It’s tricky, because there are so many different dance steps. Individuals, for example, when they’re attempting to socially distance from others are tripping over themselves as they try to do their avoidance dance in a polite way without appearing as if they’re attempting to avoid you. And what dance is it? The waltz, the mumbo, the klutz, the twist?
Walmart’s dance is smoother, like a waltz. Two steps back and wait while the flow of traffic passes as they follow the %^&* arrows. No reverse.

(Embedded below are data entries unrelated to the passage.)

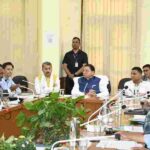 सीएम धामी ने हल्द्वानी में जनपद नैनीताल के वरिष्ठ प्रशासनिक, पुलिस, वन एवं विकास विभाग के अधिकारियों के साथ की उच्चस्तरीय समीक्षा बैठक, मानव-वन्यजीव संघर्ष रोकने के लिए स्थायी समाधान और जवाबदेही तय करने के निर्देश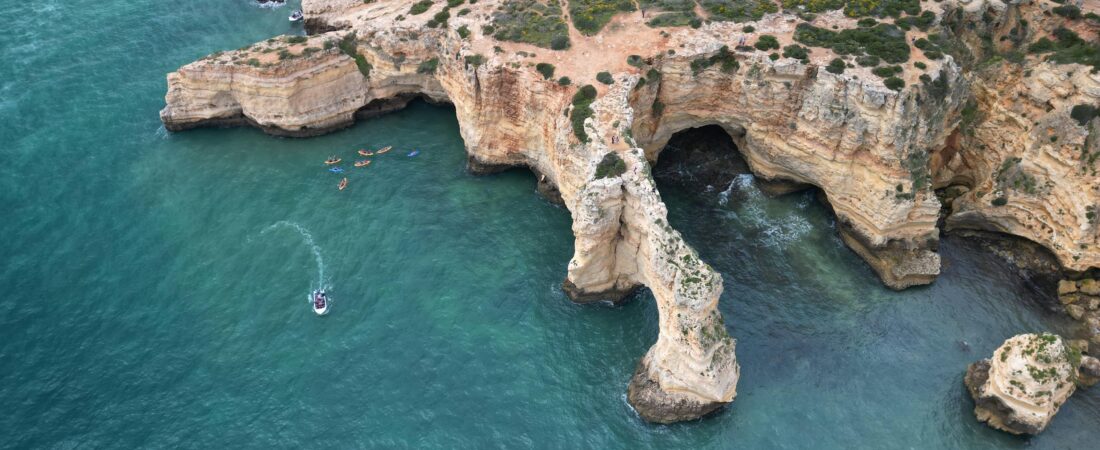 El Algarve para jubilados: playas, acantilados y tranquilidad en Portugal en 2026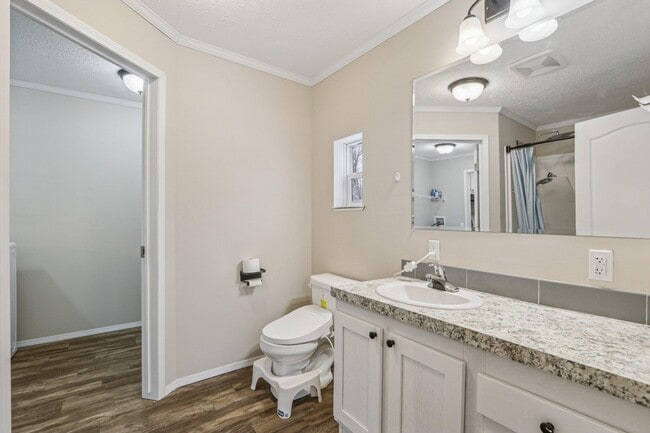 Building Photo - 4704 47th Ave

The scariest place is the drugstore. It’s insides are wrapped in police tape. The steps to their dance are very complicated. I believe it’s a type of voodoo dance. Two steps forward. Three steps to the left. Two steps to the right. Four steps to the counter and doe-se-doe to the corner. One two three, one two three and then run like hell.
Sometimes Sue, Buster and I come home, start the wood-stove, leave the stove door open and smoke ourselves. We don’t think the virus likes smoke. It’s a theory.
“Hi Larry. How are you doing?”
Back step, one, two, three. Stop. Side step off the curve and one, two, three forward. Watch for cars.
Not only that. When I was in the liquor store in Port Hawkesbury, I heard a server ask for an air miles card. I just stood there. I heard it again. I looked at my cashier. She was moving her lips. So, I figured she must’ve wanted my card.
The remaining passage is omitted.